Lita meminta Badan Musyawarah (Bamus) dan Pimpinan DPR untuk segera menjadwalkan kelanjutan pembahasan RUU PPRT dalam Rapat Paripurna DPR RI.
“Jika tidak ditetapkan dengan segera, maka tidak akan ada pembahasan yang terjadi,” ungkapnya dalam konferensi pers JALA PRT dan Koalisi Sipil UU PPRT secara daring pada hari Selasa (23/5/2023).
Lita mengungkapkan kekhawatirannya bahwa RUU PPRT dapat terabaikan karena selain RUU tersebut, Bamus juga harus membahas RUU Kesehatan dan RUU Perampasan Aset. Ia menyoroti bahwa DPR akan sibuk dengan agenda Pemilu 2024 mulai pertengahan tahun ini hingga tahun depan. Dalam kesempatan tersebut, Lita mengingatkan bahwa RUU PPRT sudah terbengkalai selama 19 tahun.
Lita juga menyoroti substansi RUU PPRT, terutama terkait perlindungan yang sistematis dan berintegritas. Tujuan dari perlindungan ini adalah untuk memastikan hak-hak pekerja rumah tangga dengan keterhubungan antara kementerian dan subjek hukum yang terlibat.
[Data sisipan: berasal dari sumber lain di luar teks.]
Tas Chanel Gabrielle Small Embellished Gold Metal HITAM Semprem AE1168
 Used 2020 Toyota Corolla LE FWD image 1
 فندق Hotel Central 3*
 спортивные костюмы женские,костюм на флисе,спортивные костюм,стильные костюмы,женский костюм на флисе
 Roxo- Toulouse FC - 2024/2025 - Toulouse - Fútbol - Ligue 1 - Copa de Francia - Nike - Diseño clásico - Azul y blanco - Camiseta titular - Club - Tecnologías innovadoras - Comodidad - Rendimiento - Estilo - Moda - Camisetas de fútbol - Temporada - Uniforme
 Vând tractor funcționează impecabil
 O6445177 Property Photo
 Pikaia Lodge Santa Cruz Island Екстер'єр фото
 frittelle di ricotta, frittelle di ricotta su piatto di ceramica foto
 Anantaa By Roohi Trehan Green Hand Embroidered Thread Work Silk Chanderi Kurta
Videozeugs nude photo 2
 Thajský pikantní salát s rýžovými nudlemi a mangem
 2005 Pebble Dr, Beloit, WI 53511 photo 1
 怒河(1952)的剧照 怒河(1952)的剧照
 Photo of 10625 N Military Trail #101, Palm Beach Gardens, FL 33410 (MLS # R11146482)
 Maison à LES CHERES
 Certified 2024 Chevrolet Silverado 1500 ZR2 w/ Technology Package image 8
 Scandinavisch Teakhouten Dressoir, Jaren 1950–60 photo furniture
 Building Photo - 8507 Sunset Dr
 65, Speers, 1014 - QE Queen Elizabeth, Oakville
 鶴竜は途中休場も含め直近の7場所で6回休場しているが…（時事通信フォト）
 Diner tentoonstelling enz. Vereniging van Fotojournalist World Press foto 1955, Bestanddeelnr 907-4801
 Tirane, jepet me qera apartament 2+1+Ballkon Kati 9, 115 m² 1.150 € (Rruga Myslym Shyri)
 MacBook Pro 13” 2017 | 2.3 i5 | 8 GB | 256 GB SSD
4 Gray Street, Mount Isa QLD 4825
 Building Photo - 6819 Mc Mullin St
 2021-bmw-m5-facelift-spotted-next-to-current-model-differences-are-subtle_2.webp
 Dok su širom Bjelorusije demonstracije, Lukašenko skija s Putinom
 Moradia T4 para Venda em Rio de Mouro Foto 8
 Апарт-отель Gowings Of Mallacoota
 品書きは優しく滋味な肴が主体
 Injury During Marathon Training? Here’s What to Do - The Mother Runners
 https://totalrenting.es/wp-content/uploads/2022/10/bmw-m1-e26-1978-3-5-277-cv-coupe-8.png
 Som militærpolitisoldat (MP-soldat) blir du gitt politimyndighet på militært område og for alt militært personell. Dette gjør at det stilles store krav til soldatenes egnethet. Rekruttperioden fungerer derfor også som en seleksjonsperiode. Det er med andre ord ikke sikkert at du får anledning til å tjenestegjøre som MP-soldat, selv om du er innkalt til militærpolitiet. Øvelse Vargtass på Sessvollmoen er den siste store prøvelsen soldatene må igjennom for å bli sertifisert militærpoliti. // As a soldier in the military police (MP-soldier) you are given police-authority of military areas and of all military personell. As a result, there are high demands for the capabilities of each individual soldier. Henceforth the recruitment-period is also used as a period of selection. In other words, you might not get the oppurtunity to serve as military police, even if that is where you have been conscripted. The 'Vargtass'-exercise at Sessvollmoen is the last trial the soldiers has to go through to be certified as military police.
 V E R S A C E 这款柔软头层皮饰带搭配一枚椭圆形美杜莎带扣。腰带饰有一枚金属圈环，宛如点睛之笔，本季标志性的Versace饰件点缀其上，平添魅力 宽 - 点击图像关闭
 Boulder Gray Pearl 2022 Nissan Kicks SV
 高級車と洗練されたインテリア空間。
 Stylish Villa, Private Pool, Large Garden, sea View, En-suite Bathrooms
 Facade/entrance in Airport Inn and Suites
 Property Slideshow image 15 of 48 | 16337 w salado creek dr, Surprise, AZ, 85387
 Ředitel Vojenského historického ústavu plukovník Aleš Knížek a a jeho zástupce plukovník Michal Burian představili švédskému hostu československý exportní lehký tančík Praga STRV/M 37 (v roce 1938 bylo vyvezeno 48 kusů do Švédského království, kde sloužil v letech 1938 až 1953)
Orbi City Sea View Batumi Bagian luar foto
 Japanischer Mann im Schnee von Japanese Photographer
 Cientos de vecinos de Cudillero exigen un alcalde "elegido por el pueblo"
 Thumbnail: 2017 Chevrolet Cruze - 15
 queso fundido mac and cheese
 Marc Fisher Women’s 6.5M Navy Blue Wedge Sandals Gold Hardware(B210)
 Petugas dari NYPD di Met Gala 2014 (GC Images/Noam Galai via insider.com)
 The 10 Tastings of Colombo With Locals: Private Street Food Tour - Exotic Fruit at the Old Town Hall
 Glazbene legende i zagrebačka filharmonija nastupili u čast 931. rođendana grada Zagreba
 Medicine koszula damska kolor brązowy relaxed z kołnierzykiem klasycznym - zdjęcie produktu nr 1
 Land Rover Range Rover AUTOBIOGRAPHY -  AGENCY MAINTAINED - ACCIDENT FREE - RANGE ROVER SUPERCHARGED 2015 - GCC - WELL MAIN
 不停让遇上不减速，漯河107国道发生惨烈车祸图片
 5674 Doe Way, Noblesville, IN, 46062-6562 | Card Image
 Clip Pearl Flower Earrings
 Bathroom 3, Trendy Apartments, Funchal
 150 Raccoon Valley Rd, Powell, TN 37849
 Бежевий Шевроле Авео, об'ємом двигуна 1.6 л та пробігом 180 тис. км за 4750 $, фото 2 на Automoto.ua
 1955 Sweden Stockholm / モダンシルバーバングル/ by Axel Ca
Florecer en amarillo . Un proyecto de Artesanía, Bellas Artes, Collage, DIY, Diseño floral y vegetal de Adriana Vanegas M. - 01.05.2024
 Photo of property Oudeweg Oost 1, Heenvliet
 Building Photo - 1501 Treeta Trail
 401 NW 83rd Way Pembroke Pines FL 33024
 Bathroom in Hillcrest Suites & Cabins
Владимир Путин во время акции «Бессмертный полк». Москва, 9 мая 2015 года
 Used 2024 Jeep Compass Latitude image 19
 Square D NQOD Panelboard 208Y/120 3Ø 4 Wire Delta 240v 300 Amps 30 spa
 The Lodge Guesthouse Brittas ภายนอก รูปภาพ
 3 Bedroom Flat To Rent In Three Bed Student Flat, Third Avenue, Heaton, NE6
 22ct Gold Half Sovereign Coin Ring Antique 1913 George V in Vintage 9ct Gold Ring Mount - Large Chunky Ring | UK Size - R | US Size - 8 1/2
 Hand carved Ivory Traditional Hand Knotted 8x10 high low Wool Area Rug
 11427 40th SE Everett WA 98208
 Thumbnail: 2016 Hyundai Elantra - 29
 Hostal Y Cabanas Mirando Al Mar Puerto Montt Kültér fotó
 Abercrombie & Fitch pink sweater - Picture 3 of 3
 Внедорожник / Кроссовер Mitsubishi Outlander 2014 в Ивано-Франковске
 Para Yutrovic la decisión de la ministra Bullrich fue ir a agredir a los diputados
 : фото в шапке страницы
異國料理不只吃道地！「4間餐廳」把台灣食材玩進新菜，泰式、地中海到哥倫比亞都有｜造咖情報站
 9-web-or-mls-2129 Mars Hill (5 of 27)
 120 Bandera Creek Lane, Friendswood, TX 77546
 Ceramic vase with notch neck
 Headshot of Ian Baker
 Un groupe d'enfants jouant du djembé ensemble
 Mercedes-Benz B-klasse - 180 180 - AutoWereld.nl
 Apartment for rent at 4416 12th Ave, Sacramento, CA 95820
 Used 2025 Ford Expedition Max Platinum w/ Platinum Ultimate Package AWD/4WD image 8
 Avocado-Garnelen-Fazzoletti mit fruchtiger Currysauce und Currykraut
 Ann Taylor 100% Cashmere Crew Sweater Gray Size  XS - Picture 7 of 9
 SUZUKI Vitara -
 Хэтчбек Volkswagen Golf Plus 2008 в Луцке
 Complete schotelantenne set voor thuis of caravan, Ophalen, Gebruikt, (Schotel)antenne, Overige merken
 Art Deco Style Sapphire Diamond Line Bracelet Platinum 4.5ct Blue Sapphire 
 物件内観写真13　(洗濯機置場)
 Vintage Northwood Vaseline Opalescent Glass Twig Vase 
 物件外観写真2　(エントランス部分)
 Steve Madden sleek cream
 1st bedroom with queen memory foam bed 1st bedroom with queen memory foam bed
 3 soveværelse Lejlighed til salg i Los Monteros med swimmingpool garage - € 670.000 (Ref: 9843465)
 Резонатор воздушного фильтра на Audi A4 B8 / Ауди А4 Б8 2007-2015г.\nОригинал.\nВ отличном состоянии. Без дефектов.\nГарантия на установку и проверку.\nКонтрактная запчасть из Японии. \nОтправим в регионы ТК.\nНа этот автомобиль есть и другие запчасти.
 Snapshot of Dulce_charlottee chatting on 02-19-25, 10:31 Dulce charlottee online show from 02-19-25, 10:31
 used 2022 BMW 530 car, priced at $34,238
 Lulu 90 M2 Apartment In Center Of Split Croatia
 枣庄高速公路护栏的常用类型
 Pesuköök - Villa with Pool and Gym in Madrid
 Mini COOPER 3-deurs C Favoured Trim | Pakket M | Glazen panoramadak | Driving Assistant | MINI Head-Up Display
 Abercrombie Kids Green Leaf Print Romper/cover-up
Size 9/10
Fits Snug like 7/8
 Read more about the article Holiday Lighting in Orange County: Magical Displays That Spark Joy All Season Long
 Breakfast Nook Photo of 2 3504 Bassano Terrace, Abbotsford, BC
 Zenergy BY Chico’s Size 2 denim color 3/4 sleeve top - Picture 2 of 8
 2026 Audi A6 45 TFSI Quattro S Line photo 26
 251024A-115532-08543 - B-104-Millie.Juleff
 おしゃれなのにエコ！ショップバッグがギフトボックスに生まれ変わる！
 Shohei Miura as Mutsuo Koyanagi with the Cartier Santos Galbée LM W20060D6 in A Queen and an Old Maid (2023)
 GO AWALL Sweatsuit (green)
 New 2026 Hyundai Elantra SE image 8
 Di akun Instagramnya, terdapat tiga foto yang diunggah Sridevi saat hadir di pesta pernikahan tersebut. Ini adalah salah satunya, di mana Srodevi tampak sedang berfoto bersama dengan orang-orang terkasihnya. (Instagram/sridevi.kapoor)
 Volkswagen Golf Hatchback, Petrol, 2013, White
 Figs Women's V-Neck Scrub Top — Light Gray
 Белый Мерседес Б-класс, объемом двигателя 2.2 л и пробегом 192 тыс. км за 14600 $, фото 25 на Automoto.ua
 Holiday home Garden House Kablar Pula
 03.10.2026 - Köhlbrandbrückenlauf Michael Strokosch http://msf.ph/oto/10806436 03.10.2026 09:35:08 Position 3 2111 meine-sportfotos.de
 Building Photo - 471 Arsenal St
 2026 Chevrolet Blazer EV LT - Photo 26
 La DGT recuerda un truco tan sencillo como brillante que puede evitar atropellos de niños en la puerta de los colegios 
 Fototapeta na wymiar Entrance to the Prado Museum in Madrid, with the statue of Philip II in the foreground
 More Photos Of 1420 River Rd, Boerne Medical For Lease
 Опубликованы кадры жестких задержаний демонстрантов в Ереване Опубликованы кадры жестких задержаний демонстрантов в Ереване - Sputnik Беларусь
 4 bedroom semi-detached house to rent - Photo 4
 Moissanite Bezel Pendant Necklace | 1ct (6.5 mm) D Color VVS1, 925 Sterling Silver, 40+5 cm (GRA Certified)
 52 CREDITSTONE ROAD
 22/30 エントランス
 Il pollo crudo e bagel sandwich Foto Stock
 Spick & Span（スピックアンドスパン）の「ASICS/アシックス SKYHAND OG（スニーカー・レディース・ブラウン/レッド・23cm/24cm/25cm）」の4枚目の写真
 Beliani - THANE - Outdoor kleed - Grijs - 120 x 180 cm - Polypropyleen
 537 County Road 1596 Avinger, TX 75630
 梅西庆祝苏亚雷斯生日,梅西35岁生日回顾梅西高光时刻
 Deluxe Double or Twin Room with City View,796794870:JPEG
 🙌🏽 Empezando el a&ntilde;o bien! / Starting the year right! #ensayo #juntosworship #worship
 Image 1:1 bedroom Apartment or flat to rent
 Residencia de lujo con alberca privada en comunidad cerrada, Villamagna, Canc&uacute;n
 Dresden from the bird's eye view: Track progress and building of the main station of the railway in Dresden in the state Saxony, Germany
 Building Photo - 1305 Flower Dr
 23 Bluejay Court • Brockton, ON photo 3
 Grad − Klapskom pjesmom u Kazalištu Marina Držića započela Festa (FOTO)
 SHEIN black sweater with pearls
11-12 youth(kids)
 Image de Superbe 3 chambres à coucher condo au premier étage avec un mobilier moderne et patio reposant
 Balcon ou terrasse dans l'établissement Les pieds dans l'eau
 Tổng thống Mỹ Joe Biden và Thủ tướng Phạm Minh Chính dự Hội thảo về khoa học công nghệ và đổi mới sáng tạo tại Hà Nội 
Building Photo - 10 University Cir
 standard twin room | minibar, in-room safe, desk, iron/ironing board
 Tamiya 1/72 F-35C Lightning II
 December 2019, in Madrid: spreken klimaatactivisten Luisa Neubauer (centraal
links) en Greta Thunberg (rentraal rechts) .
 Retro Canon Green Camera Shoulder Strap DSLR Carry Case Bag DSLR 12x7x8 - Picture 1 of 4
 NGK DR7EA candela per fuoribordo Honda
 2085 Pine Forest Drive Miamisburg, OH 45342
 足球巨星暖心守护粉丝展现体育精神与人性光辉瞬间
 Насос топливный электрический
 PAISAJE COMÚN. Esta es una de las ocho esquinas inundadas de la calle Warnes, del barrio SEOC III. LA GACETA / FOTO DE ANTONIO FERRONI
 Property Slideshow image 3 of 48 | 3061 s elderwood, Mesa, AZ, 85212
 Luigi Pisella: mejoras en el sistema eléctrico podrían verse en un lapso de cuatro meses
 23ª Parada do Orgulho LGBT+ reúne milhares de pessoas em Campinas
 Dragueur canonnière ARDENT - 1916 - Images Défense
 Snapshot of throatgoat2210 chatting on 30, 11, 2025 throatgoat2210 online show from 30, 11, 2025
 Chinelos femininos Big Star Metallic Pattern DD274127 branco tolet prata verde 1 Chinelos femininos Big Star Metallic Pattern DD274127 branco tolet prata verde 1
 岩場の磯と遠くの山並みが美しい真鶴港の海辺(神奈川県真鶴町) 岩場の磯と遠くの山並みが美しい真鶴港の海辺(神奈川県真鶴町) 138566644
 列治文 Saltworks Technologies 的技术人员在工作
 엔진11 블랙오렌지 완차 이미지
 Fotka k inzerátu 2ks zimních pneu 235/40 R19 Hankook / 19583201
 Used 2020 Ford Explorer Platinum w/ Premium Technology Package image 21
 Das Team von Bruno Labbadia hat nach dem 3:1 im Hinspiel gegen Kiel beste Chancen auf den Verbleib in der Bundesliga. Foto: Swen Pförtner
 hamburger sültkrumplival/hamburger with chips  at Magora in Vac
Pendataan yang sistematis dan terintegrasi ini akan melibatkan Kementerian Ketenagakerjaan, Jamsostek, BPJS Kesehatan, Kemensos, Kemenkumham, dan Kemendagri. Menurut Lita, substansi ini merupakan hal krusial karena RUU tersebut dirancang untuk memberikan perlindungan yang komprehensif bagi pekerja rumah tangga dan pemberi kerja, mencakup sebelum, selama, dan setelah masa kerja.
Sebelumnya, Ketua DPR RI, Puan Maharani, menyatakan bahwa RUU PPRT masih dalam proses pembahasan di Badan Legislasi. Ia menegaskan komitmen seriusnya terhadap pengesahan RUU PPRT dan menekankan pentingnya penyusunan RUU dengan sebaik-baiknya. Puan menegaskan bahwa RUU tersebut harus memberikan manfaat yang maksimal dan tidak menimbulkan kontroversi atau tumpang tindih dengan undang-undang lainnya.